Monitoring the solvency is mandatory. Companies need to monitor both, the liquidity, as well as the balance sheet regarding a possible loss of capital. The board of directors must act if their company is at risk of going bankrupt. Further measures must be taken if necessary to restructure the company, or such measures must be proposed to the general meeting of shareholders if they are within their jurisdiction. 

Monitoring the liquidity continuously is important. The draft of the law, though, specifies that a liquidity plan is not required. Liquidity is not mandated to be monitored or analyzed beyond a specific timeframe in the law. There was a suggestion that a company should undergo an ordinary audit every six months or every twelve months in the case of companies that are required by law to do so. The suggested time interval should nevertheless serve as a guideline.

  • Audits on the preliminary financial statements

When a company has a capital deficit, a licensed auditor must conduct a limited audit of the last annual financial statements before the annual general meeting of shareholders approving them if there are no elected auditors in place. A board of directors needs to make sure the economic situation does not worsen than what has been presented to them. They must appoint a licensed auditor. The board of directors may waive this auditing requirement if it applies for a debt-restructuring moratorium. 

The board of directors must as before, immediately prepare preliminary financial statements at going concern values and liquidation values if there is reasonable concern that the company’s liabilities are not covered by its assets, that is if the company is over-indebted. In practice, the interim financial statements at liquidation values can be waived as long as the ongoing concern assumption is made. In addition, the consolidated financial statements carrying concerned values do not show any overindebtedness. 

A licensed auditor must be appointed by the board of directors to audit the interim financial statements unless the board elects auditors to do so.

  • Bankruptcy

The board of directors must inform the court, which will initiate bankruptcy proceedings if the company is over-indebted according to both interim financial statements.

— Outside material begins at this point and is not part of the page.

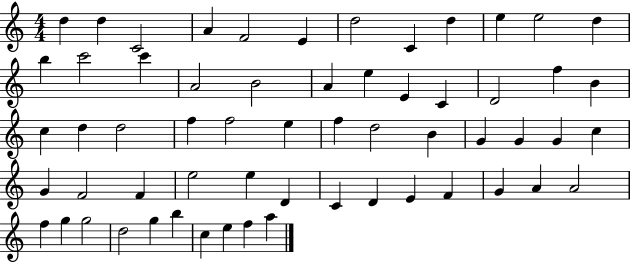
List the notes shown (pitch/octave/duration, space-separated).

D5/q D5/q C4/h A4/q F4/h E4/q D5/h C4/q D5/q E5/q E5/h D5/q B5/q C6/h C6/q A4/h B4/h A4/q E5/q E4/q C4/q D4/h F5/q B4/q C5/q D5/q D5/h F5/q F5/h E5/q F5/q D5/h B4/q G4/q G4/q G4/q C5/q G4/q F4/h F4/q E5/h E5/q D4/q C4/q D4/q E4/q F4/q G4/q A4/q A4/h F5/q G5/q G5/h D5/h G5/q B5/q C5/q E5/q F5/q A5/q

There is no requirement for the court to be notified if creditors defer or subordinate their claims (including interest claims) to the extent of overindebtedness.

In connection with the bankruptcy process, it is now explicitly stated that the claims of creditors whose claims have been subordinated behind all other creditors are not to be included in the calculations of the company’s losses. By amending this provision, the Federal Supreme Court intends to correct its case law, which suggests that a bankrupt company’s board is responsible for subordinated claims. 

The court notification may also be omitted in cases where there is a realistic prospect that the over-indebtedness can be repaid within a reasonable time, but no later than 90 days after the audited interim financial statements are available, and if there is no additional jeopardy to the claims of the creditors. In practice, the matter of notifying the court of bankruptcy is frequently raised, and this clarification is very welcome.